RDT icon indicating copy to clipboard operation
RDT copied to clipboard

Refactoring code for Enterprise issue #529

Open amontanez24 opened this issue 9 months ago • 2 comments

This PR alters the logic of _reverse_transform so that it can work naturally with the random regex transformer.

The previous logic was:

  1. If the amount of values the generator has left is more than the number of samples asked for, sample them all.
  2. If the amount of values the generator has left is less than the number of sample asked for, sample the rest of the generator.
    • If enforce_uniqueness is enabled, then add suffixes to old values to make more.
    • If enforce_uniqueness is disabled, copy previous values

This doesn't work for the random regex generator for two reasons:

  1. It can't always sample all the values because it has collisions
  2. You can't easily get all "remaining" values because technically it's unlimited.

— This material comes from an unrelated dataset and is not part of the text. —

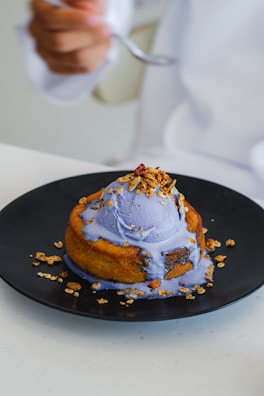 A scoop of purple ice cream is served on top of a warm, golden-brown pastry. The ice cream is melting slightly, creating a colorful drizzle over the edges of the dessert. It is garnished with granola and nuts, adding texture and contrast to the dish. A person in a white attire is holding a spoon in the background.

The new logic that should work for both cases is

  1. Sample as many values from the generator as you can until you either get enough or hit an exception.
    • The exception means the generator either ran out (in the not random case) or we had too many collisions (in the random case)
  2. If more values are required, add them by:
    • If enforce_uniqueness is enabled, then add suffixes to old values to make more.
    • If enforce_uniqueness is disabled, copy previous values

CU-86b04th7c

amontanez24 avatar Apr 30 '24 02:04 amontanez24

I'm actually going to have to change this because I found another bug in the enterprise version that would require more refactoring here

amontanez24 avatar May 01 '24 15:05 amontanez24